Our findings indicate that there is a positive association between severity of SDB and five-year increase in BMI. The finding was demonstrated after controlling for key covariates including age, gender, race, baseline BMI, and AHI change. This observation may help explain the difficulty patients with SDB have in trying to lose weight. Two previous small studies have demonstrated a positive association between newly diagnosed SDB and weight gain. A retrospective study by Phillips et al. compared one-year weight histories of 53 men and women patients who were recently diagnosed with SDB with 24 control subjects matched for gender, age, BMI and percent body fat.5 Subjects in that study were somewhat younger than the SHHS cohort with an age difference of approximately 10 years. The SDB among subjects in the previous study tended to be moderate to severe with mean ± SEM AHI 33 ± 5 /h for men and 37 ± 10 /h for women. Mean ± SEM of BMI at time of diagnosis was somewhat higher than in the SHHS with 35 ± 1 kg/m2 for men and 44 ± 2 kg/m2 for women. Men and women patients with SDB had reported a recent weight gain of 7.4 ± 1.5 kg compared with a weight loss of 0.5 ± 1.7 kg (p=0.001) in obese controls without SDB. However, given the design of this study it is not possible to determine whether weight gain contributed to the onset of SDB or was a result of SDB. The study was also limited by reliance on self-report of weight gain history.

Another study by Traviss et al. prospectively evaluated 49 obese patients with newly diagnosed SDB.16 Mean ± SD of AHI at diagnosis was severe at 45 ± 27 /h. BMI at diagnosis was elevated at 36.5 ± 6.2 kg/m2. Of the 49 subjects, 43 could estimate the duration of their symptoms with 84% reporting weight gain since becoming symptomatic. Weight gain was relatively large, with a reported 17 ± 15 kg over 5.3 ± 4.8 years. However, this study was limited by the lack of a control group and reliance on self-report of weight history. These two small studies, in addition to our findings, suggest that there is an association between SDB and increased BMI.

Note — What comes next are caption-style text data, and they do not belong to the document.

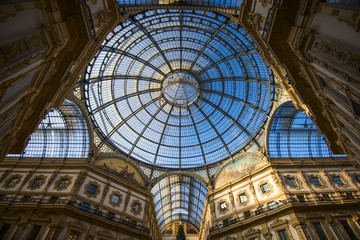 Galleria Vittorio Emanuele II historic building Milan Italy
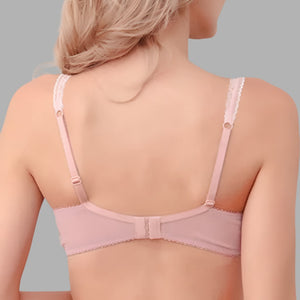 About the Bra - Rosy Unlined Lace Bra - More Colors - About the Bra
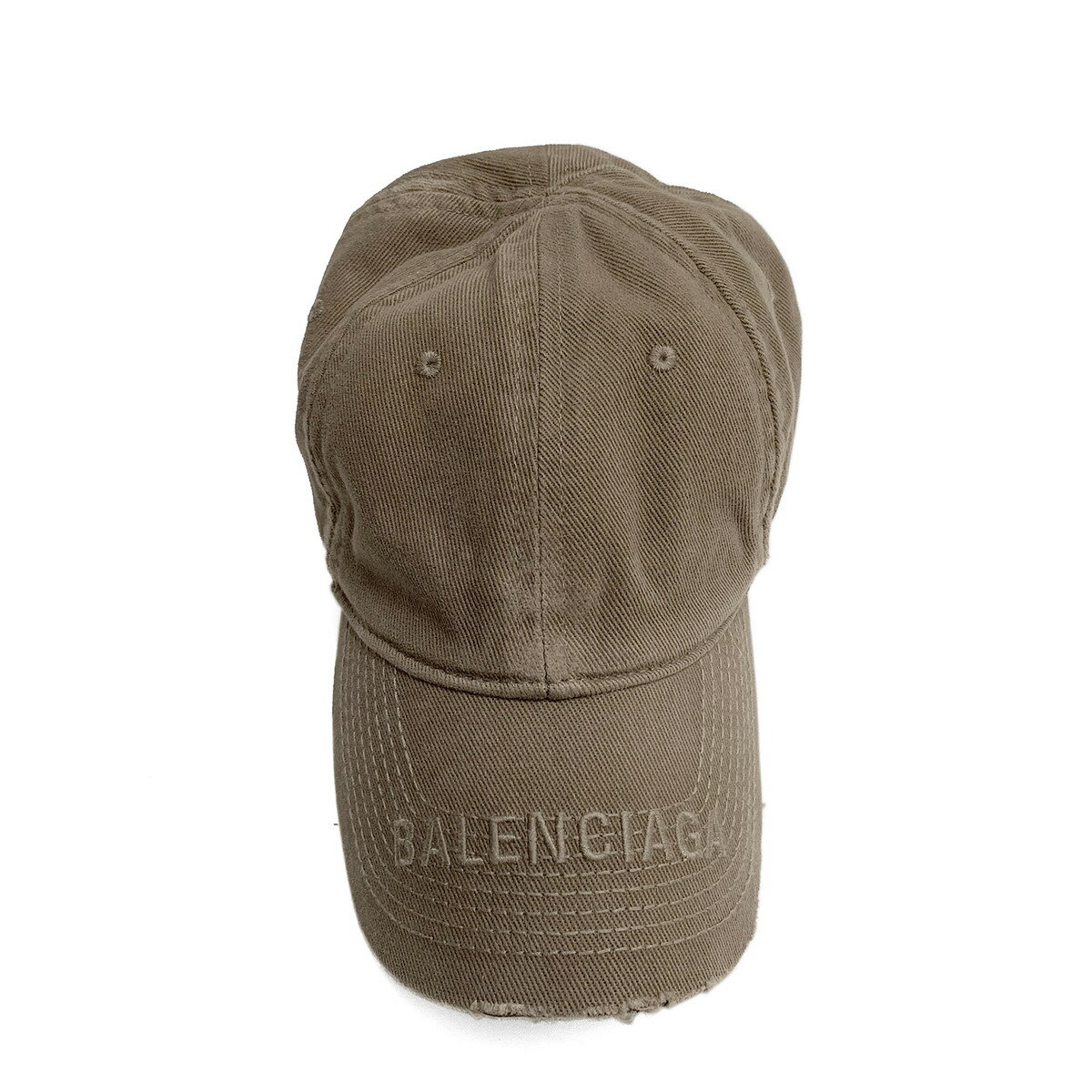 【決算大処分市☆全品10％OFFクーポン☆31日迄☆全品新品】BALENCIAGA バレンシアガ 673318 410B2 2828 レディース ロゴ ベースボール キャップ ブラウン系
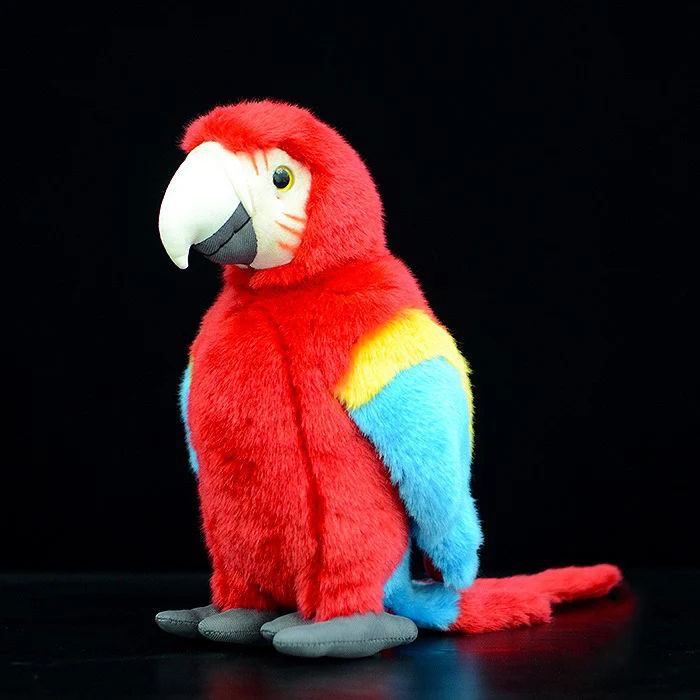 12 Lifelike Scarlet Macaw Plush Toys Cute Parrot Plush Dolls Simulation Bird Stuffed Toys Ts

Interestingly, unadjusted BMI change in our study was quite modest and not statistically different as a function of SDB severity. However, BMI change over time is a complex phenomenon influenced by several variables. A large (29,799 subjects) prospective study examining 5-year change in weight in a multi-ethnic cohort of men and women explored several of these relationships.19 In that study, younger men and to a greater degree, younger women were at greater risk for weight gain compared to older adults. This is consistent with our initial findings. In addition, there was a trend for women in the higher baseline BMI categories of `overweight' (BMI >25– 30 kg/m2) and `obese' (BMI >30 kg/m2) in the aforementioned cohort to gain more weight than men in the higher baseline BMI categories. In order to more precisely examine the effect of AHI on weight change, we controlled for these confounders in our final multivariate model thus resulting in the finding of an increase in BMI as a function of SDB severity in this study.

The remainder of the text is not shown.